___ Data to use
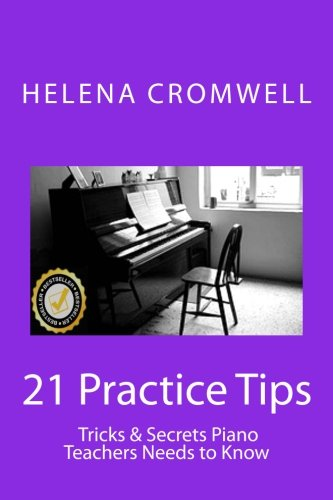 21 Practice Tips, Tricks and Secrets Piano Teachers Need to Know: (What Every Piano Teacher and Parent Needs to Know Before Teaching or Paying for a Child's Piano Lessons!)
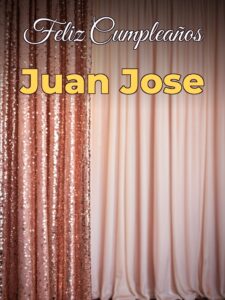 Feliz cumpleaños juan jose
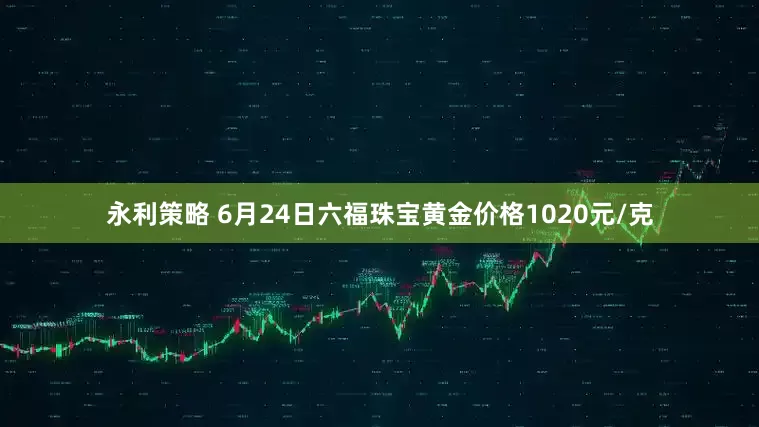 永利策略 6月24日六福珠宝黄金价格1020元/克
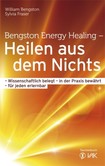 Bengston Energy Healing - Heilen aus dem Nichts Bengston Energy Healing - Heilen aus dem Nichts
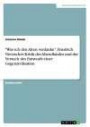 Was ich den Alten verdanke". Friedrich Nietzsches Kritik des Abendlandes und der Versuch des Entwurfs einer Gegenzivilisation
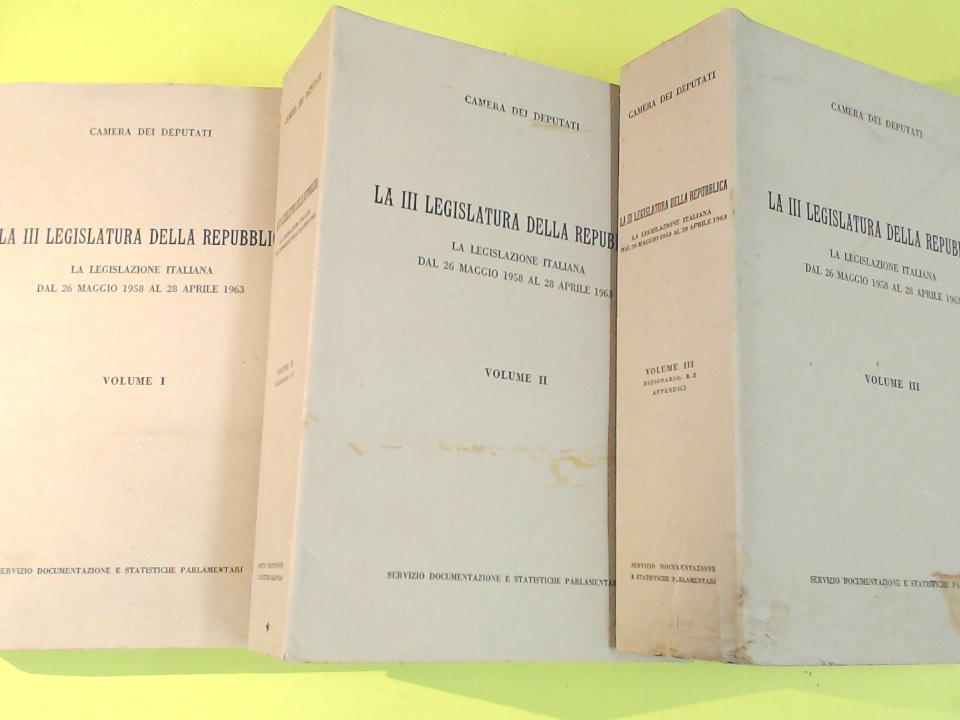 LA III LEGISLATURA DELLA REPUBBLICA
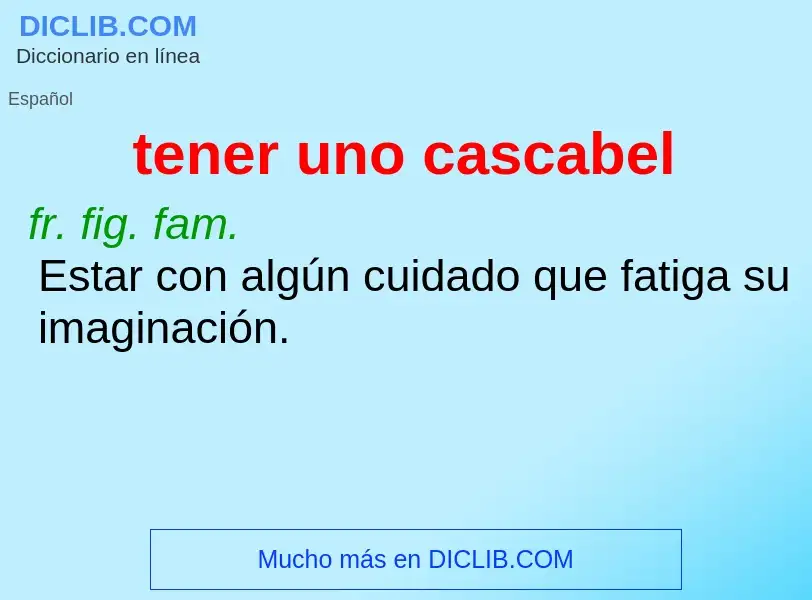 What is tener uno cascabel - meaning and definition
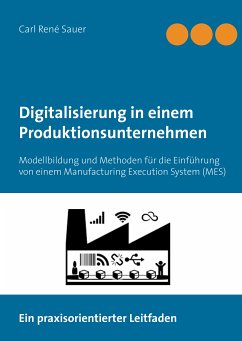 Digitalisierung in einem Produktionsunternehmen (eBook, ePUB) - Sauer, Carl René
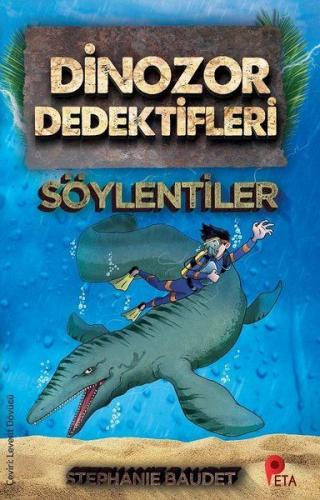 Dinozor Dedektileri 2 - Söylentiler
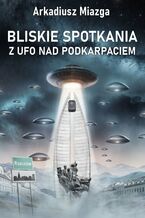 Bliskie spotkania z UFO nad Podkarpaciem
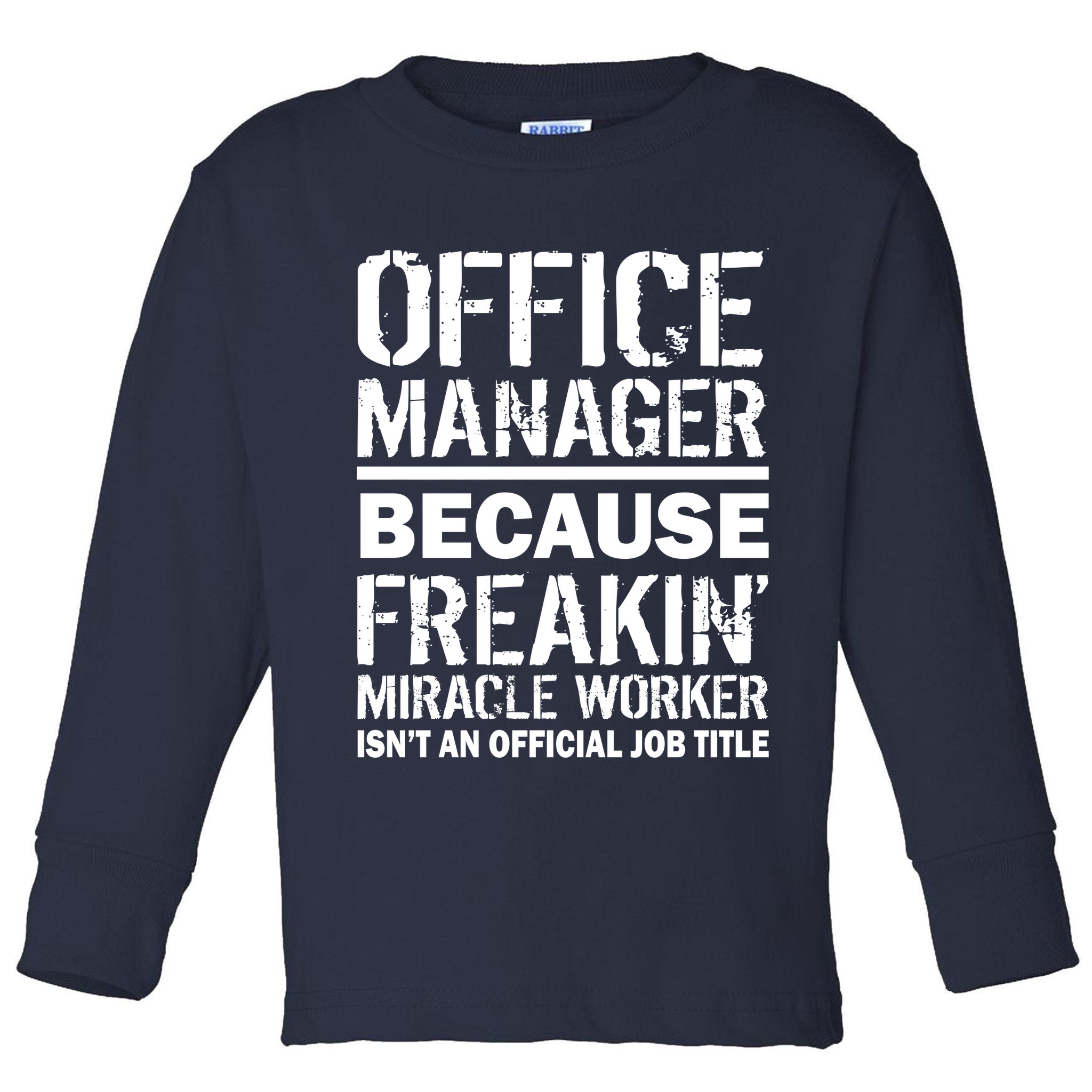 Office Manager Miracle Worker Job Title Toddler Long Sleeve Shirt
______
* What the exercise asks
The lines running from the one with "Dinozor Dedektileri 2 - Söylentiler" to the close of the material above are to be retyped exactly; no picture is to be included.

* Reply
 Dinozor Dedektileri 2 - Söylentiler
 Bliskie spotkania z UFO nad Podkarpaciem
 Office Manager Miracle Worker Job Title Toddler Long Sleeve Shirt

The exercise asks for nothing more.